Rethinking the Migration Pipeline with AWS


Traditionally, migrating content to an Alfresco instance has usually looked very much like an ETL process.  First content, metadata, and structure is extracted from a source system (be it a shared drive, some legacy ECM system, etc), that data may then be transformed in some way, and then it gets imported into Alfresco.  Using the OOTB tools the last step is typically accomplished via the BFSIT (Bulk Filesystem Import Tool).  This approach has a lot of advantages.  It’s well understood, growing from an incredibly common model for database migrations and BI activities.  An ETL-like migration approach provides plenty of opportunities to fix data quality issues while the data is in a “staged” state.  Properly optimized, this approach can be very fast.  In the best cases it only requires re-linking existing content objects into the repository and creating the associated metadata, no in-flight copying of large content files required.  For many migrations, this approach makes perfect sense.  In the on-premises world, even more so.

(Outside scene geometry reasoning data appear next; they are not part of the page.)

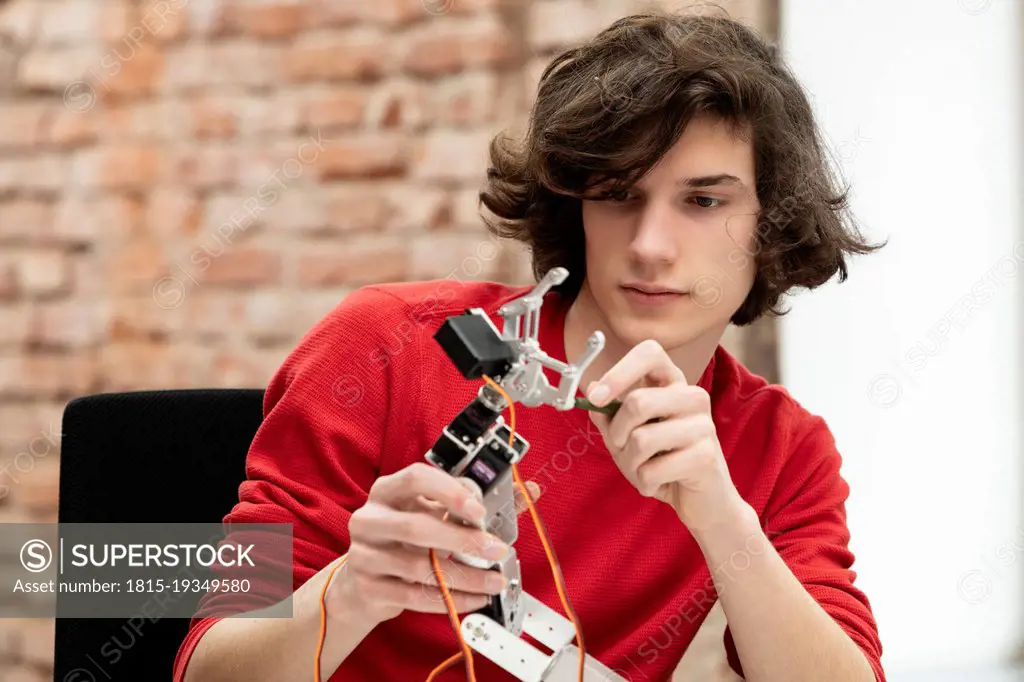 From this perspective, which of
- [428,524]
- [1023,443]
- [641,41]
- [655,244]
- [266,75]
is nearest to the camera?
[428,524]

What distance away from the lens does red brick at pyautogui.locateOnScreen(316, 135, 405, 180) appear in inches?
67.8

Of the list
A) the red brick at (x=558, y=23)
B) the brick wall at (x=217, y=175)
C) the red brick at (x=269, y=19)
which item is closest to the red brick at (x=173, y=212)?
the brick wall at (x=217, y=175)

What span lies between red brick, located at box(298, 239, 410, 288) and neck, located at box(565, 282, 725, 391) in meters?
0.59

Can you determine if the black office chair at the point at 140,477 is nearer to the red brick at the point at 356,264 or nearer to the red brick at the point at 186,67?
the red brick at the point at 356,264

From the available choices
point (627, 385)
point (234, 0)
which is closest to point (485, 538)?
point (627, 385)

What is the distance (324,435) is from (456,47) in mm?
931

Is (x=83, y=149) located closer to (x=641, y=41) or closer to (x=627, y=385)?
(x=641, y=41)

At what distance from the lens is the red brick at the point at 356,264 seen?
1.72 meters

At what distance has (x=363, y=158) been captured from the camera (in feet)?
5.69

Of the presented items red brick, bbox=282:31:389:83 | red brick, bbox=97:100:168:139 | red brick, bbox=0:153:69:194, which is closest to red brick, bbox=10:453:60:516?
red brick, bbox=0:153:69:194

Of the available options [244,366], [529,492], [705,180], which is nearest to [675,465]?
[529,492]

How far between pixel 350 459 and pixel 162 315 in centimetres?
94

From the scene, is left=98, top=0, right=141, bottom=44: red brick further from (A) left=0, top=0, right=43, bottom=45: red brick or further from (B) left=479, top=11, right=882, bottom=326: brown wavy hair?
(B) left=479, top=11, right=882, bottom=326: brown wavy hair

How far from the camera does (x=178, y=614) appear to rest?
1113mm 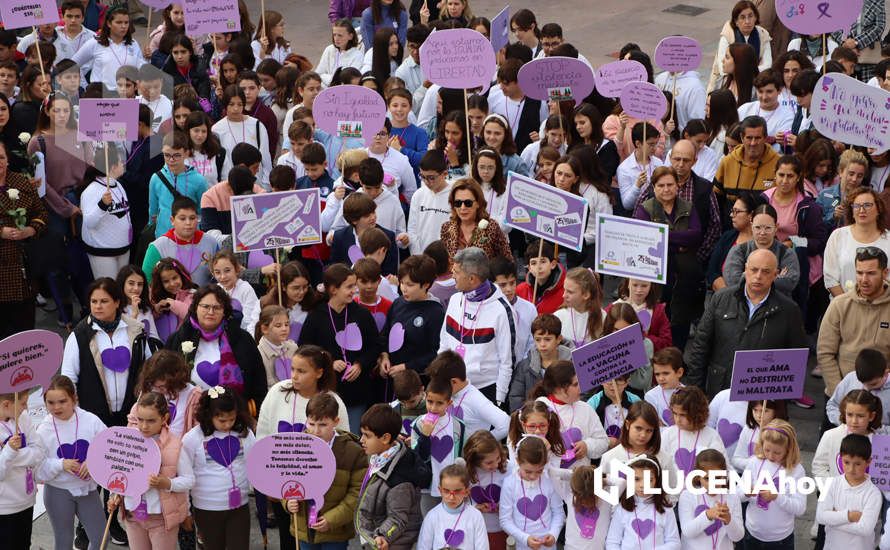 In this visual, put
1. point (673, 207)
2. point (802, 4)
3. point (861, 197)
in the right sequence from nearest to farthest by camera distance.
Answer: point (861, 197)
point (673, 207)
point (802, 4)

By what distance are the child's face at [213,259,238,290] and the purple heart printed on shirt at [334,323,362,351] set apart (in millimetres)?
972

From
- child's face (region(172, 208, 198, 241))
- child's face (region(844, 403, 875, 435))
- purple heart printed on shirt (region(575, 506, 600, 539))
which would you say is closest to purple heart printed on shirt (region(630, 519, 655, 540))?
purple heart printed on shirt (region(575, 506, 600, 539))

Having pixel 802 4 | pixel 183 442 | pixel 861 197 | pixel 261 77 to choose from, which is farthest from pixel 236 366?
pixel 802 4

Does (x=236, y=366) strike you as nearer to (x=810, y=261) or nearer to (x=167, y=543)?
(x=167, y=543)

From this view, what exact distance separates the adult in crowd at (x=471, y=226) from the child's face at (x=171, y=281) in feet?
6.28

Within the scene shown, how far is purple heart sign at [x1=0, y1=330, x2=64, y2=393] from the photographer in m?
8.34

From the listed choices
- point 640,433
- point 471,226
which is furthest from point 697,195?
point 640,433

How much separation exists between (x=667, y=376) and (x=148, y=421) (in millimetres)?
3082

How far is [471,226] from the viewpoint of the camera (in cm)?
1047

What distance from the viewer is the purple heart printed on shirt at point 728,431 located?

The ETL approach does have some downsides.  It’s not great at dealing with a repository that is actively being used, requiring delta migrations later.  It can be a hard thing to scale up (faster per load) and out (more loads running in parallel), especially on-premises where companies are understandably reluctant to add more hardware for what should be a short term need.  It’s typically batch driven, and an import failure of one or more nodes in the batch can really slow things down.

A Better Way?

Alfresco on AWS opens up some new ways of looking at migrations.  Recently I was catching up on some reading and had the occasion to revisit a pair of articles by Gavin Cornwell.  In these two articles Gavin lays out some potential options for using AWS AI services such as Comprehend and Rekognition with Alfresco.  Specifically, he takes a look at AWS Lambda and Step Functions.  Reading that article got me thinking about ingestion pipelines, which in turn got me thinking about system migrations.  We do a LOT of these in Alfresco consulting, and we rely on a toolbox of Alfresco products, our own internal tools, and excellent solutions that are brought to the party by Alfresco partners.

The question that I kept circling around is this:  Does a move to AWS change the patterns that apply to migration?  I think it does.  Full disclosure, this is still very much a work in progress, probably deviates from best practices in a near infinite number of ways and is a personal science project at this point.

AWS offers some opportunities to rethink how to approach a migration.  Perhaps the biggest opportunity comes from the ability to think of the migration as a scalable, event-driven process.  Instead of pushing all of the content up to S3 and then importing or linking it into the repository using an in-process import tool or some external tooling that processes the list of content that exists in S3, it is possible to use the events emitted by writing to S3 itself to take care of validating, importing and performing post-processing on the content.  Content items are written to S3, which in turn triggers a per-item process that performs the steps required to get the content into the repository.  This is a perfect fit for the serverless compute paradigm provided by AWS.

Consider the following Step Functions State Machine diagram:

Screen Shot 2018-05-09 at 11.52.03 AM

For each item written to S3, (presumably, but not necessarily, a content item and a paired object that represents the metadata) S3 can emit a CloudWatch event.  This event matches a rule, which in turn starts a Step Function State Machine.  The state machine neatly encapsulates all of the steps required to validate the content and metadata, import the content into the repository and apply the validated metadata, and then optionally perform post processing such as image recognition, natural language processing, generation of thumbnails, etc.  Each step in the process maps to an AWS Lambda function which encapsulates one granular part of the validation and import process.  Most of the heavy lifting is done outside of Alfresco, which reduces the need to scale up the cluster during the import.  It should be possible to run a huge number of these step functions in parallel, speeding up the overall migration process while only paying for the compute consumed by the migration itself.  If anything goes wrong up to the point where the import of this specific item is complete it can be rolled back.

Perhaps the best thing about this approach is that it is so easy to adapt.  No two migrations are identical, even when the source and target platforms are common, so flexibility is key.  Flexibility here not only means flexibility during initial design, but also adjustments to the migration to fix issues discovered in flight or support for more than one import pipeline.  Need to change the way validation is done?  Modify the validation Lambda function.  Don’t need image or text classification, or want to use a different engine?  Remove or change the relevant functions.  Need to decorate imported docs with metadata pulled from another LOB system?  Insert a new step into the process.  It’s easy to change.

Over the next few articles we’ll dive deeper into exactly how this could work in detail, and build out some example Lambda functions to fill in the process and make it do real work.